According to a Pretoria News report, Mossop said rule 43 applications are interim in nature and thus speedy and swift procedures. He questioned how the lawyers allowed reams of irrelevant documentation to be handed to court, saying the wife’s sworn statement was ‘prolix in the extreme’.

‘It contains irrelevant allegations and has attached to it literally dozens of photographs, the precise relevance of which is not clear.’

Mossop said examples of these pictures were a photograph of a handbag allegedly purchased by the husband, and messages recorded on a cellphone relating to an incident involving Viagra pills.

This was apart from the lipstick- and semen-stained shirt.

‘It is, quite frankly, scandalous that the applicant’s legal advisers have permitted such irrelevancies to find a place in this application,’ the judge said.

The wife turned to court to obtain interim maintenance from her divorcing husband, pending the final divorce, notes the Pretoria News report.

Her lawyers filed 260 pages claiming they had set out the relevant facts.

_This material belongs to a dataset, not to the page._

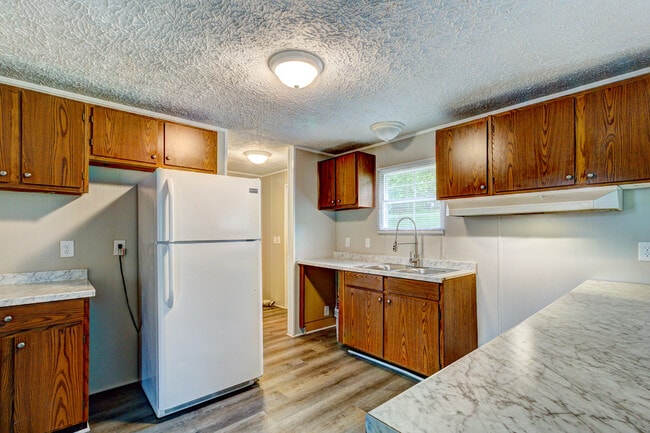 Building Photo - 3351 Appletree Ct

But Mossop said the relief that the applicant claimed covered five pages of the notice of application, followed by her sworn statement which ran into about 57 pages.

The rest of the documentation – about 200 – were simply annexures such as the pictures relating to her husband’s alleged antics.

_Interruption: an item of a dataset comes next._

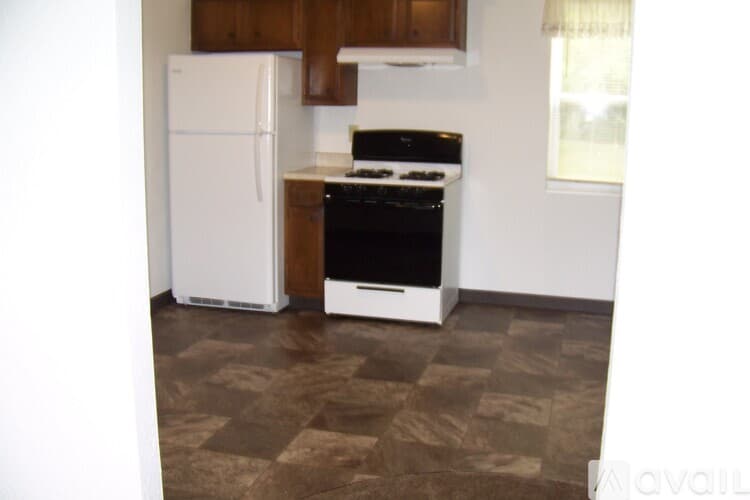 Pekin House: 2213 Stoneybrook Rd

Mossop said the application before him was an abuse of the court process, which the court would not allow.

He said the applicant must first present an application that complied with the prescripts of rule 43 if she wanted her application to be considered and adjudicated upon. 

Until she did so, and even in the absence of opposition from the respondent, it would not be considered.

In striking the matter from the roll, Mossop ordered that the wife’s legal team may not charge her at all for bringing the application to court.